BEGIN Records for this exercise

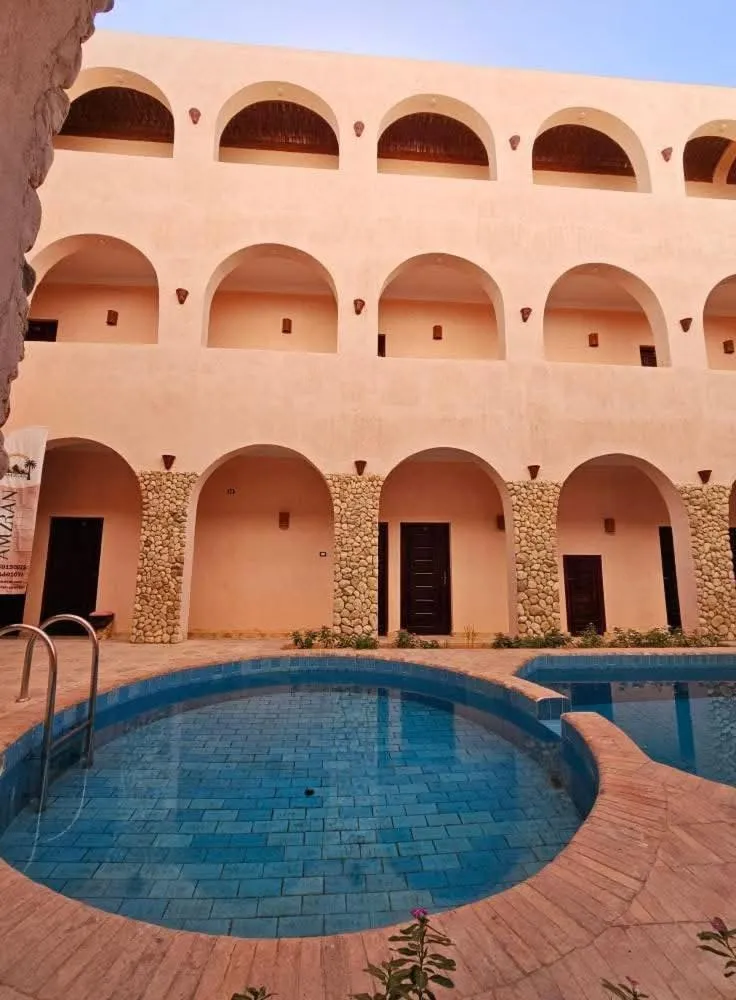 amzran hotel siwa امزران سيوة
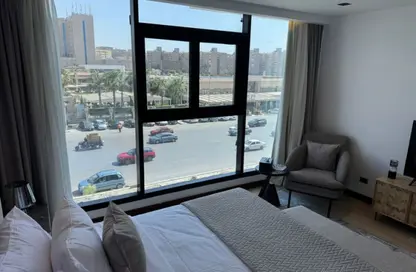 شقق فندقية - 3 غرف نوم - 2 حمامات للبيع في ماريوت ريزيدنس هليوبوليس - الماظة - مصر الجديدة - القاهرة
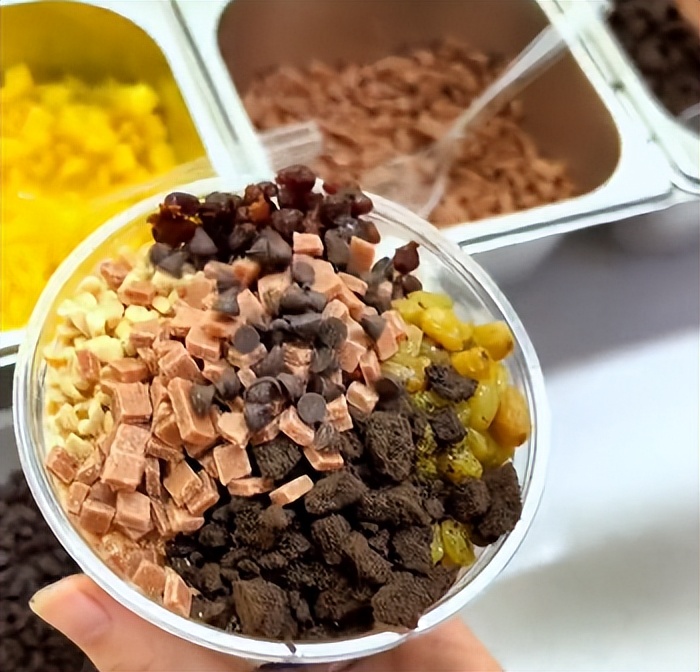 郑州雪花酪怎么吃,正宗雪花酪的配方与教程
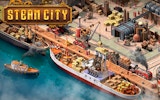 Steam City: Victorian Mayor Simulator Game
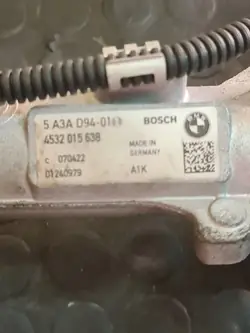 Ohjaustehostin BMW 5 G30 G31 6 GT G32 7 G11 G12 xDrive OEM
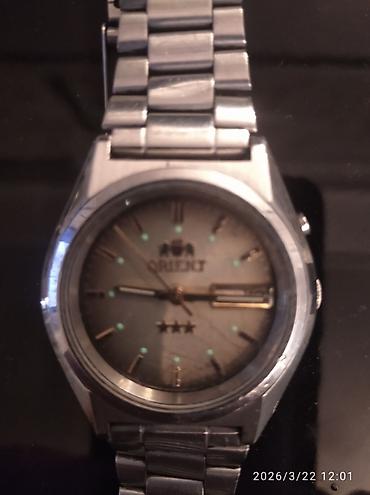 Qol saatı, Orient, rəng - Boz - şəkil 4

END Records for this exercise

▶ **What you should do**
Copy exactly the lines from the one containing "郑州雪花酪怎么吃,正宗雪花酪的配方与教程" through the last line of the records above, including both, and omit every picture.

▶ **Task result**
 郑州雪花酪怎么吃,正宗雪花酪的配方与教程
 Steam City: Victorian Mayor Simulator Game
 Ohjaustehostin BMW 5 G30 G31 6 GT G32 7 G11 G12 xDrive OEM
 Qol saatı, Orient, rəng - Boz - şəkil 4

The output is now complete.